Terry Gilliam has always made astoundingly weird movies, from his little Monty Python cartoons to the classic "Brazil." Nobody knows how to combine childlike wonder with creepy darkness.
So it doesn't exactly startle that he's tackled Mitch Cullin's southern gothic novel, and turned it into an eerie sort of "Brazil-Meets-Alice-In-Wonderland." It lacks much of a cohesive plot, but Gilliam can still make a creepy, exquisite storyline that takes place half in the weirdness of this world, half in a little girl's head.
When her crazed mother ODs and dies, Jeliza-Rose (Jodelle Ferland) and her washed-up dad Noah (Jeff Bridges) move to a decrepit Texas farm. But like most junkies, Noah soon dies as well. Jeliza-Rose seems to go into denial, letting her father's body sit in the house as she explores the rippling grass -- like a sea -- around her house, spinning a series of dreamlike fantasies.
She's accompanied by four doll's heads and a variety of fantastical visions, all to help her cope with her loneliness. But then she befriends the child-man Dickens (Brendan Fletcher) and his eccentric sister Dell (Janet McTeer). A darker side starts to creep into Jeliza-Rose's world, as Dickens' vendetta against the Monster Shark leads to disaster.
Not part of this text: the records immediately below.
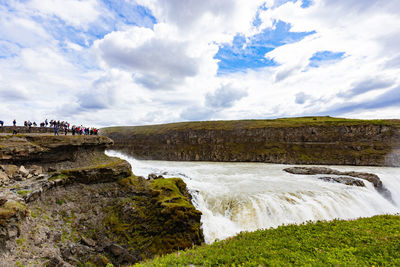 Scenic view of sea against cloudy sky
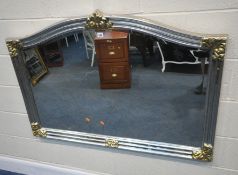 A SILVER AND GOLD PAINTED ARCHED OVERMANTEL BEVELLED EDGE WALL MIRROR, 217cm x 90cm, condition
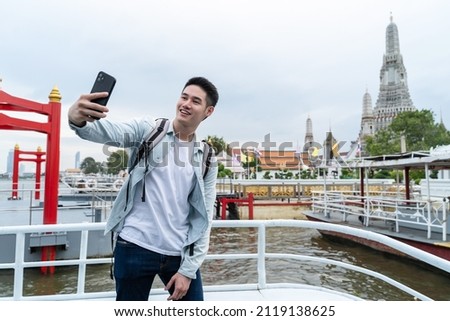Asian young male backpacker use smartphone selfie take picture in city. Handsome man tourist traveler wear mask travel alone on street, use smartphone record vlog on holiday vacation trip in Thailand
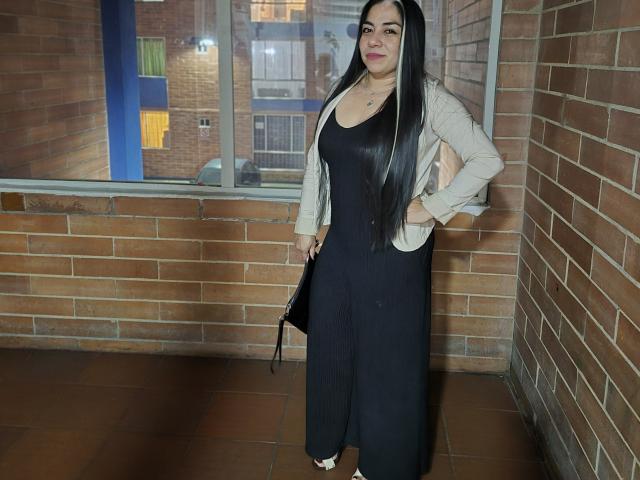 EvaLunaLatina with long black hair, wearing a black dress and beige cardigan, hands in pockets, standing against a brick wall, holding a black bag, smiling.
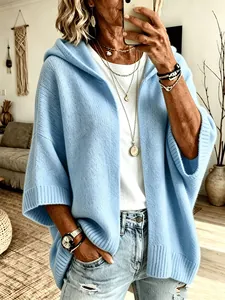 Détail d'un cardigan en maille bleu clair à capuche avec manches 3/4 et texture douce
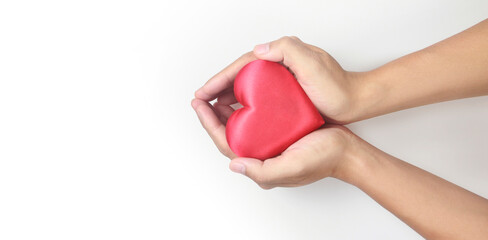 Hands holding  red heart. heart health donation concepts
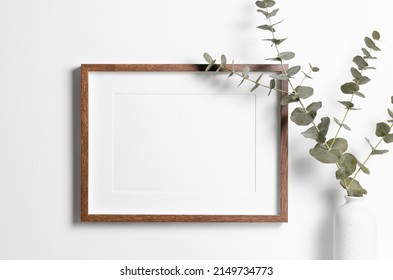 Wooden Frame Mockup On White Wall With Copy Space For Artwork, Photo Or Print Presentation In Minimalistic Interior With Eucalyptus Twig.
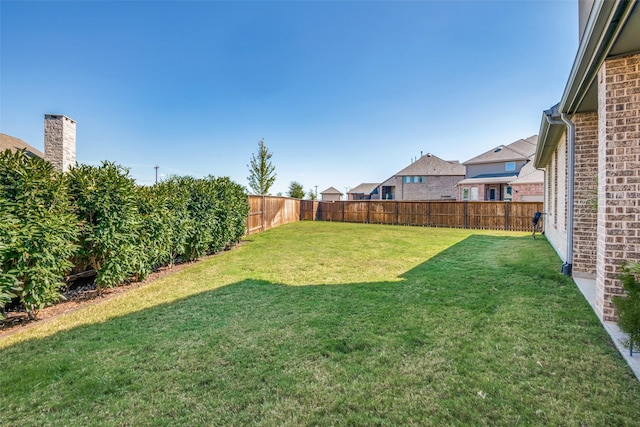 view of yard featuring a fenced backyard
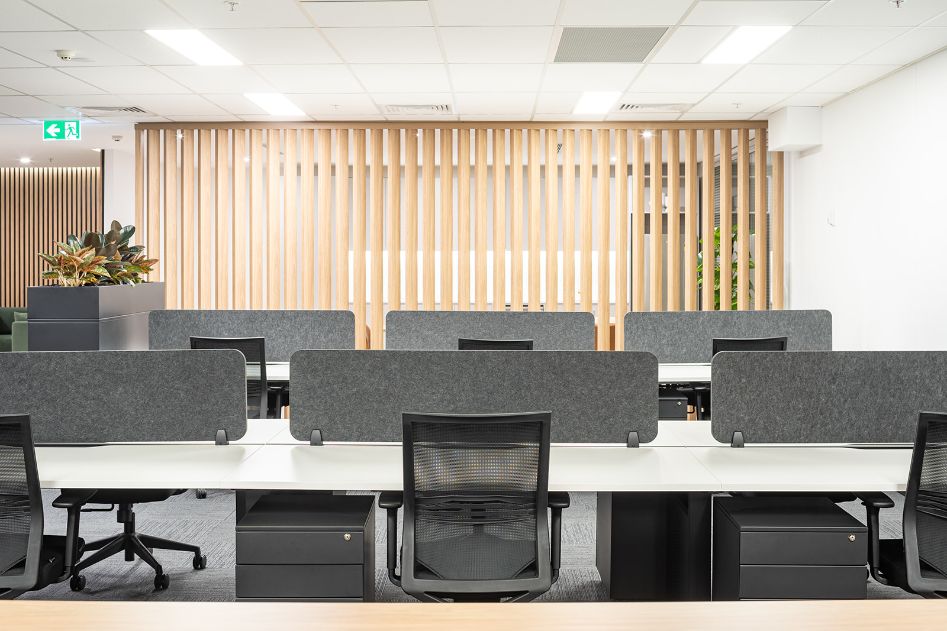 open plan breakout space with timber slatted wall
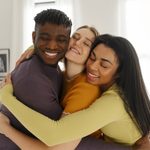 Grupo de três amigos sorrindo e se abraçando afetuosamente, ilustrando que seguro de vida não é tudo igual e varia conforme cada momento.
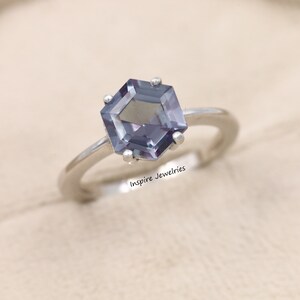 May include: A silver ring featuring a hexagonal, iridescent purple gemstone. The ring is set in a simple band and has a delicate design. "Inspire Jewelries" is printed on the band.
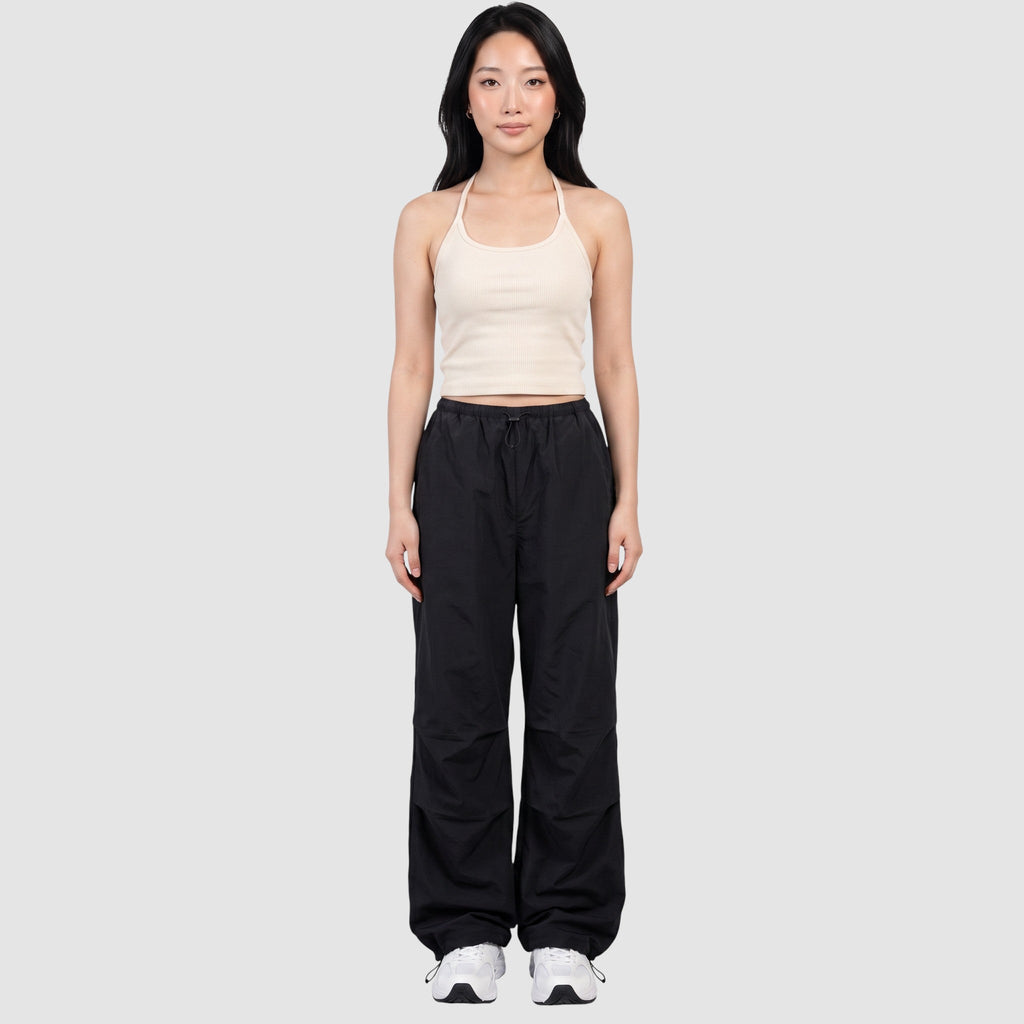 Model wearing Y2K AVENUE black parachute pants with a high elastic waist, side pockets, and adjustable ankle cords.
Terry Gilliam has basically made a career out of being weird, and all the movies he's made reflect that. Sometimes his movies are absolutely brilliant ("Brazil"), and sometimes it's just average ("Brothers Grimm"). It's too soon to judge how "Tideland" will be remembered, but I'm thinking that it will be remembered as one of Gilliam's most moving films.
The plot is pretty simple -- incomprehensible to those expecting a "normal" story -- but it sort of drifts off after Noah's demise. It would have been nice to have a bit more complexity there. But Gilliam does keep it afloat by relying mostly on Jeliza-Rose's imagination to keep the story going, sort of like Alice in Wonderland did.
Gilliam has always been great at surreal stuff, and he has all sorts here -- talking squirrels, the talking doll-heads, a house sinking into the earth, and a guy who prowls around the prairie in SCUBA gear. Even the landscape -- golden seas of grass, gnarled trees -- has a weird, unearthly look.
But for all this whimsy, Gilliam keeps his eye on the dark side of things -- Jeliza-Rose is trying to escape the horrors of her reality, through a sort of controlled madness. Even when she returns to reality, she won't be able to escape the death and sorrow -- so maybe a little madness is necessary to keep sane.
Jodelle Ferland deserves a special shout-out, especially since she's the center of the entire movie. Her Jeliza-Rose is a wonderful kid -- precocious, intelligent, creative and surprisingly innocent considering that we see her prepping heroin for her dad. But she's still a child, with all of a child's vulnerabilities and fears, and Ferland makes us feel that as well.
"Tideland" is not a fun movie -- it's disturbing, macabre, and very funny, with some charmingly whimsical visuals. Hate it, love it, but nobody will be on the fence about it.